- **Dataset content**:
▼▼▼

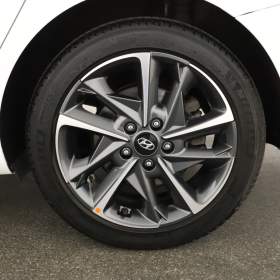 Foto inzerátu Hyundai i30 1.5 T-GDI MHEV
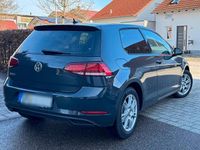 Gebraucht VW Golf VII Trendline 86 PS (63 kW) 2017 Grau Kleinwagen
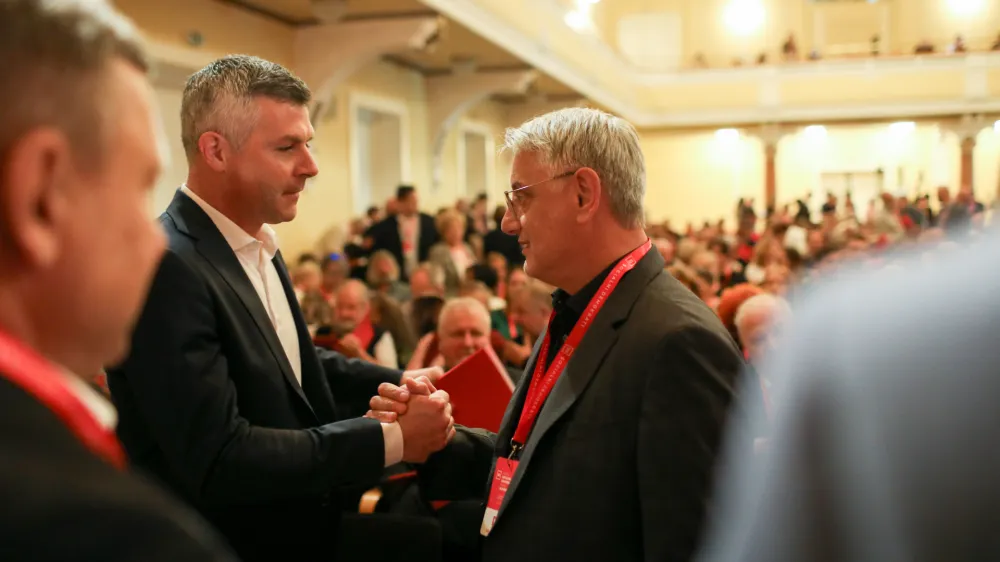 - Matjaž Nemec, evropski poslanec,. Matjaž Han, minister za gospodarstvo turizem in &scaron;port, kandidat za predsednika stranke.- 13.04.2024. Volilni kongres stranke SD, na katerem so delegati odločali o novem vodstvu in nadaljni poti socialne demokracije v Sloveniji.//FOTO: Bojan Velikonja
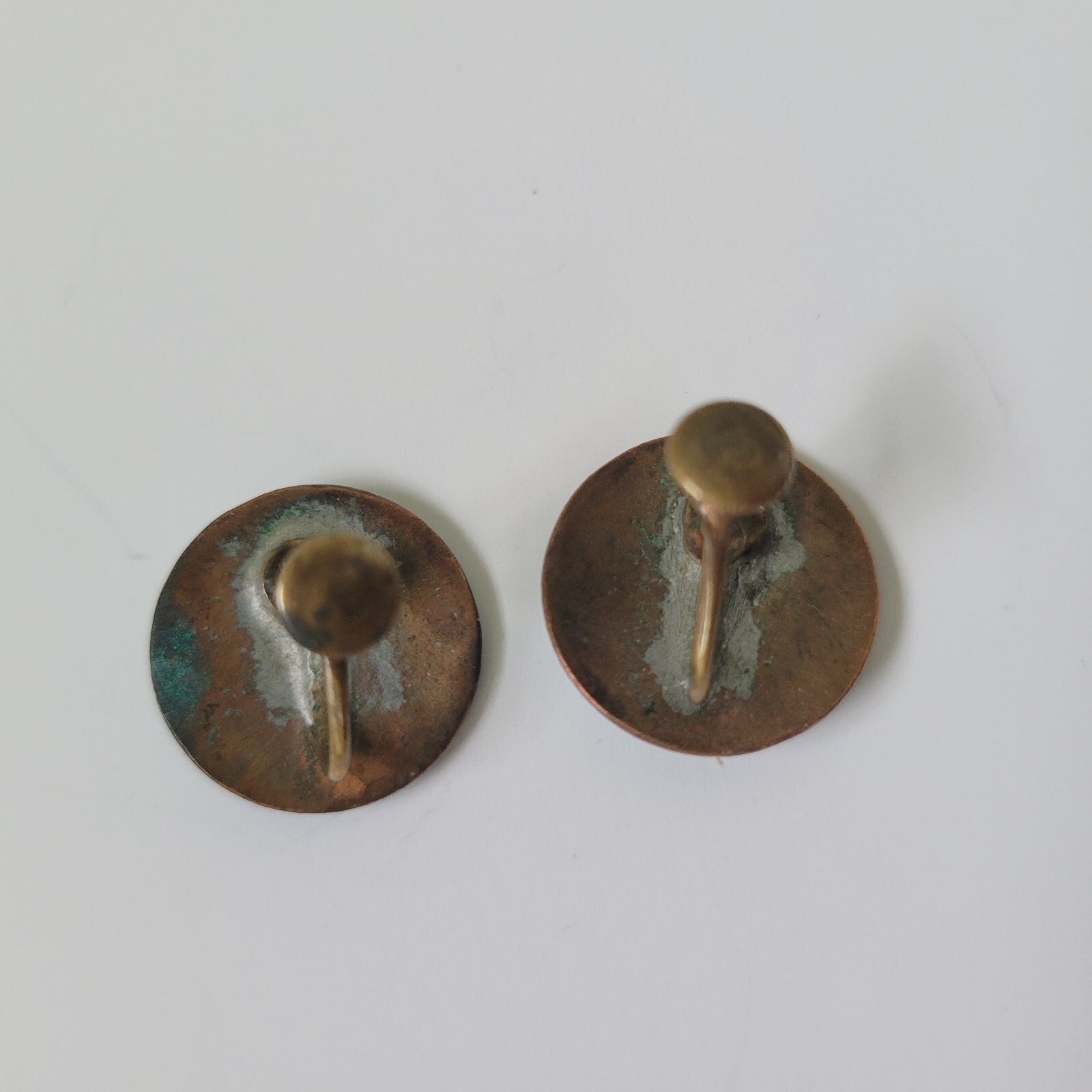 Vintage Copper and Enamel Screwback Earrings Round Turquoise Color .75 Inches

▲▲▲

- **Problem requirements**:
Beginning with the line that contains "- Matjaž Nemec, evropski", write out the remaining lines of the listing above through the last, exactly and only those, without pictures.

- **Result below**:
 - Matjaž Nemec, evropski poslanec,. Matjaž Han, minister za gospodarstvo turizem in &scaron;port, kandidat za predsednika stranke.- 13.04.2024. Volilni kongres stranke SD, na katerem so delegati odločali o novem vodstvu in nadaljni poti socialne demokracije v Sloveniji.//FOTO: Bojan Velikonja
 Vintage Copper and Enamel Screwback Earrings Round Turquoise Color .75 Inches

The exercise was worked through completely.